It is a charming room in the attic of the Cochin Hospital in Paris. To get there you have to go through the reception hall, go down a corridor, open a door, go to the first floor, go through another door and climb to the third floor. Around thirty people meet here as a team every Thursday evening from 6 p.m. to 8 p.m. The reason ? Analyze and discuss a specific medical case that raises an ethical question. Welcome to the Clinical Ethics Center (CEC) of the AP-HP (Assistance publique-Hôpitaux de Paris). Exceptionally, the team agreed to open their doors to us.

Created as an extension of the Law of March 4, 2002 on Patients’ Rights (known as “Kouchner law”) from Veronique Fournier, a public health physician and cardiologist, this structure, which she led until 2020, is tasked with supporting ethically difficult medical decisions. How can a situation be resolved during a conflict? What do you say to a patient who doesn’t want to have surgery or a parent who refuses to give their child a transfusion? A healthcare team that is willing to stop treatments if the family objects – or vice versa? To a disabled person who wants to die? In other words, how can we respond to the demands of some when others deny them?

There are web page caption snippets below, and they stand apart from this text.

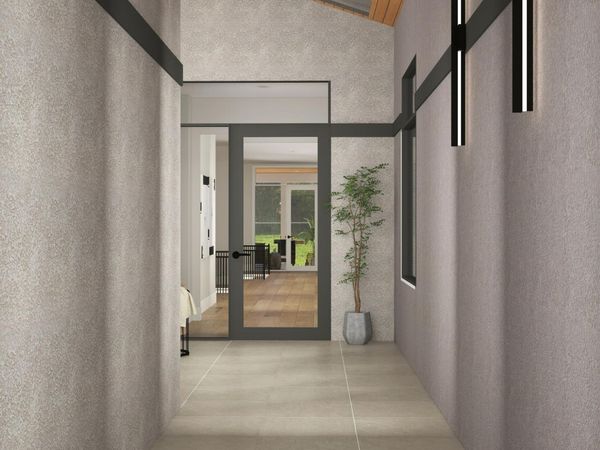 20472 Radisson Road, Shorewood, MN 55331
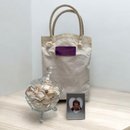 Bag Pop Pipoca Gourmet
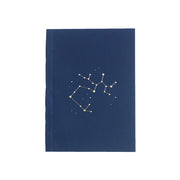 Notebook: Sagittarius Zodiac Sign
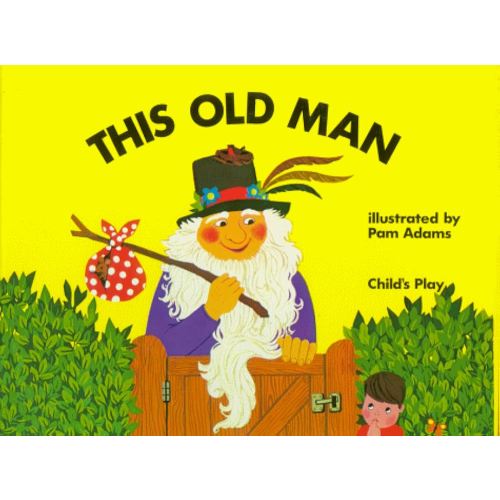 This Old Man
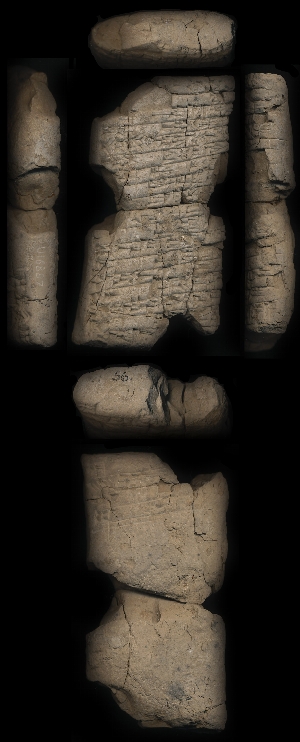 52-30-71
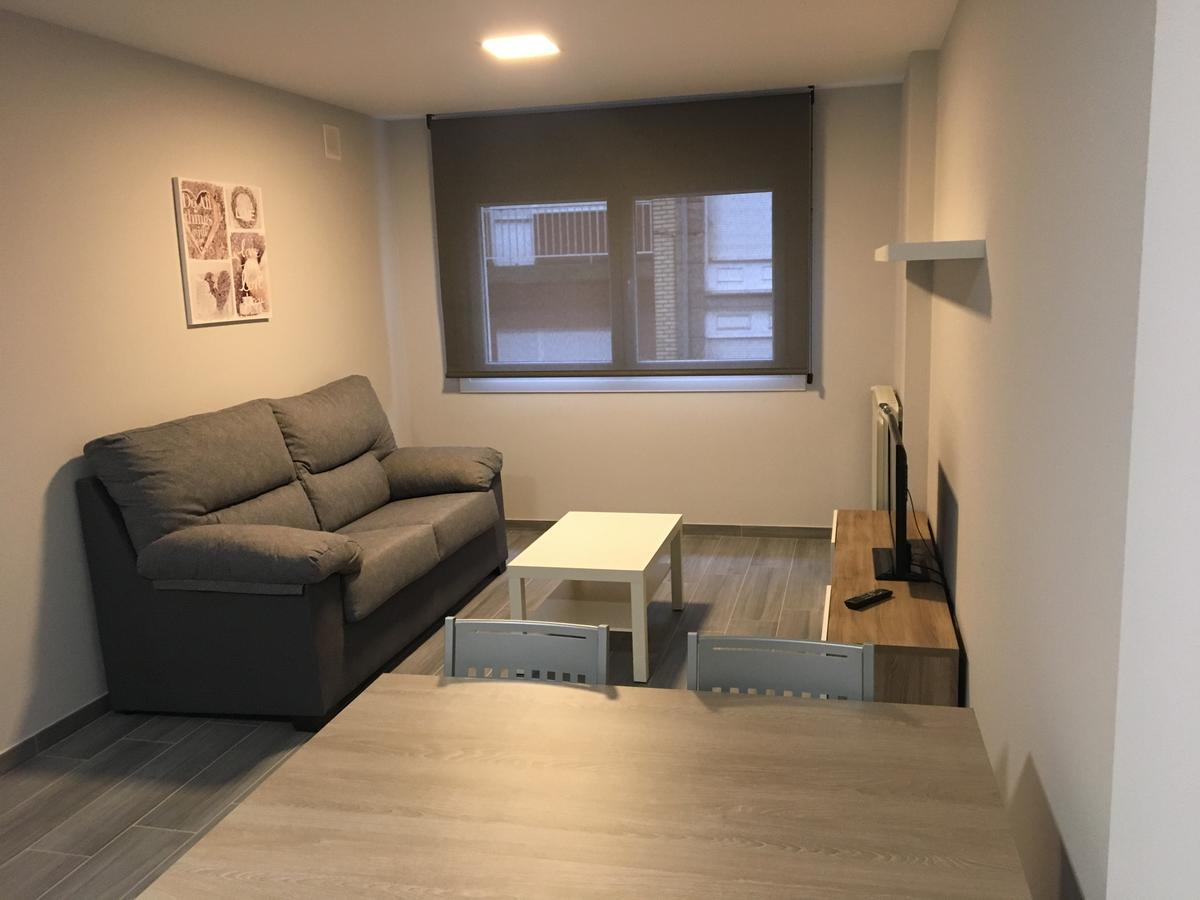 Dpcristal City Apartments Саррия Экстерьер фото
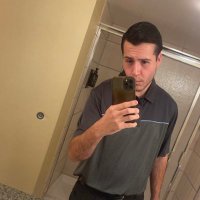 zach (@zachmaciei) Twitter profile photo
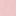 Kleid für besondere Anlässe mit Blumensaum-ROSA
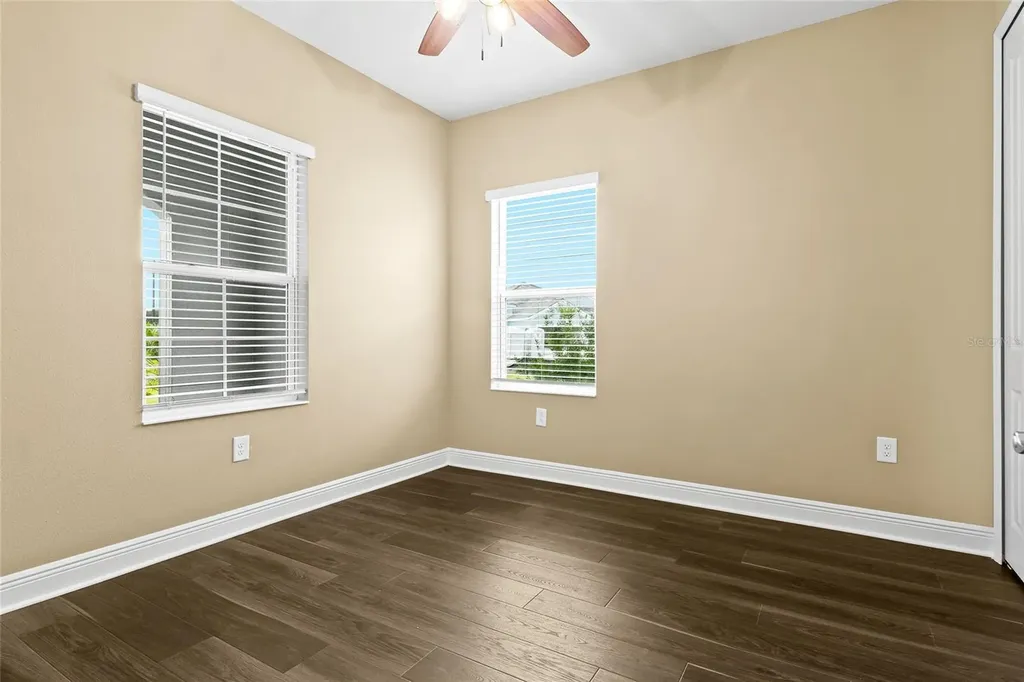 10112 Lake Wales Circle Sarasota FL 34241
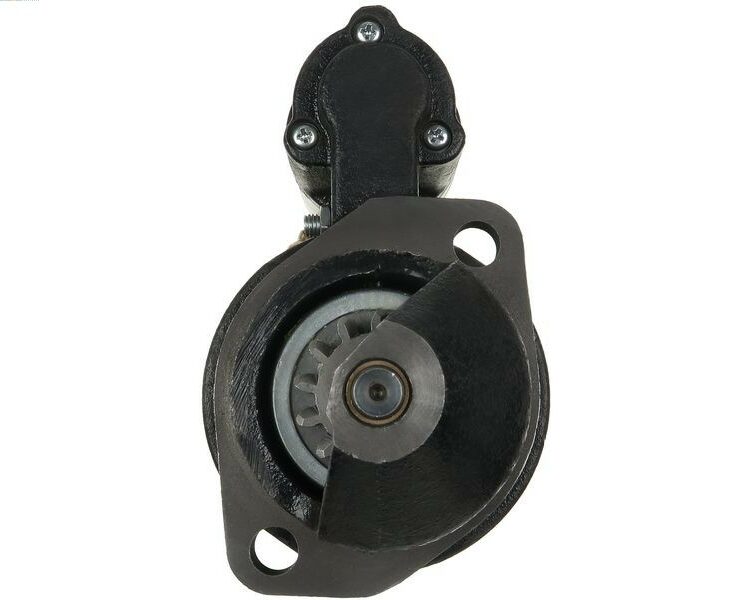 Rozrusznik BOMAG BW; BW; BW 90A; BW 90T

The concept of clinical ethics was born in the United States in the 1970s. An American doctor, Mark Ziegler, is one of its designers. According to him, “Knowing how to discuss a question of clinical ethics is as much a rule of good medicine as knowing how to prescribe the right medication.”. At the request of the nursing staff, the family or even the patient himself, the center only provides advisory opinions. There is no talk of replacing the health team. His role is to help those involved remove blockages and expand thinking to determine what is best for the patient.

“Primum non nocere”

To do this, the team relies on the four basic principles of biomedical ethics that philosophers James Childress and Tom Beauchamp described in their book The principles of medical ethics (Les Belles Lettres, 2008; originally published in 1979), major work of contemporary medical ethics: beneficence (improving the patient’s health), non-maleficence (at least doing no harm – “Primum non-marriage”said Hippocrates), justice and finally respect for the patient’s autonomy.